Five firms, one call — what are they seeing?
Deutsche Bank, RBC, Wells Fargo, Oppenheimer, and Morgan Stanley all initiated with a buy rating, averaging a target of ~$250.
Against last Friday's close of $145.30, that target implies roughly 72% upside and a valuation of about $3.3 trillion.
This means → Wall Street's consensus is that the current price deeply undervalues SpaceX's long-term potential, with almost no dissent.
Why can't Wall Street figure out who should cover this company?
SpaceX straddles rocket launches, satellite broadband (Starlink), and artificial intelligence — it fits no single industry bucket.
The lead analysts assigned by the five firms come from autos, aerospace & defense, tech, telecom, and embodied AI — five entirely different desks.
In plain terms = it's as if one company ran a restaurant chain, a logistics firm, and a chipmaker at once — no single analyst can see the whole picture, so banks are improvising.
Why did RBC go with a team approach?
RBC analyst Ken Herbert said openly: "We took a team approach… three analysts collaborated on the initiation."
He explained that when clients ask about Starlink's satellite broadband details, he has to bring in a telecom colleague.
He even admitted: "I don't know if I'll still be the lead analyst in two years." This reflects a business footprint that has outgrown any single analyst's domain.

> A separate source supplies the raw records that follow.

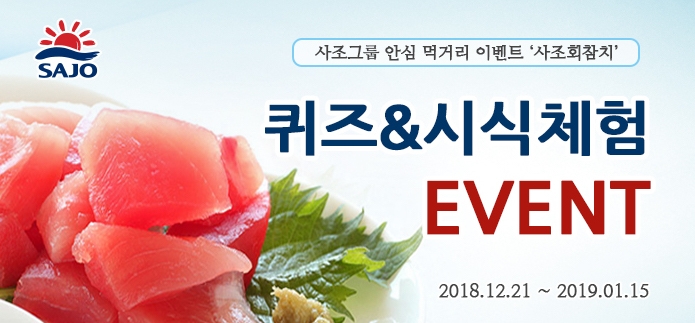 사조그룹, '사조회참치' 체험단 모집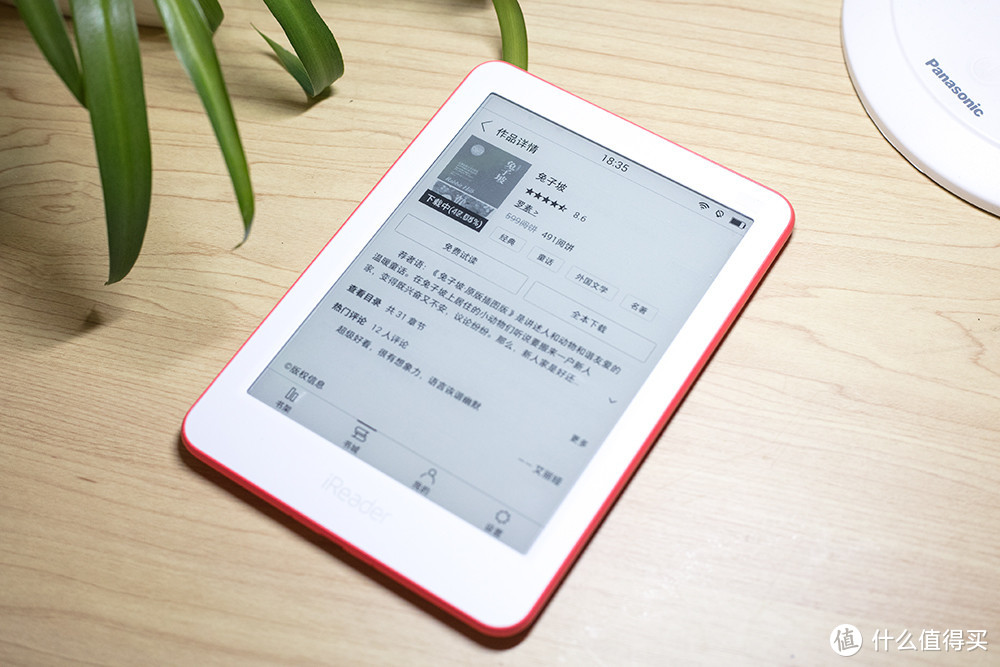 一切为了孩子：掌阅iReader 悦享版入手记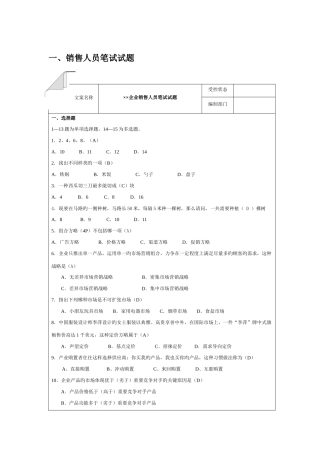 2025年销售人员笔试试题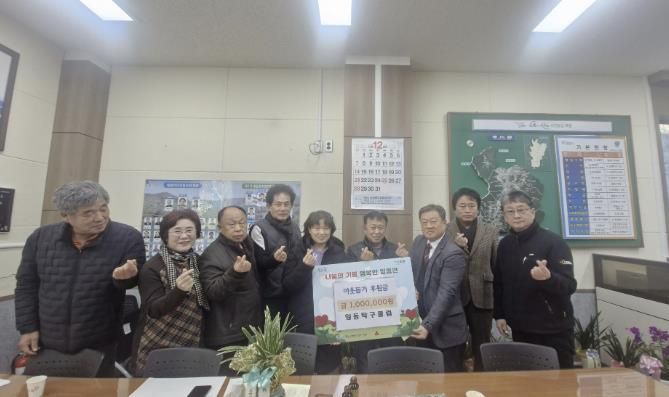 포천시 일동 탁구클럽, 이웃돕기 성금 100만 원 기탁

The stock is falling — doesn't that contradict a unanimous buy?
SpaceX closed at $145.30 last Friday, its lowest close since its June IPO, and slipped another 0.9% to $144.04 in pre-market trading.
This means → the market is still digesting post-IPO pricing froth in the short term, but five simultaneous buy calls signal that longer-horizon capital sees this level as an entry point.
In plain terms = a new low and a wall of buy ratings aren't contradictory — one is short-term sentiment, the other is a two-to-three-year bet.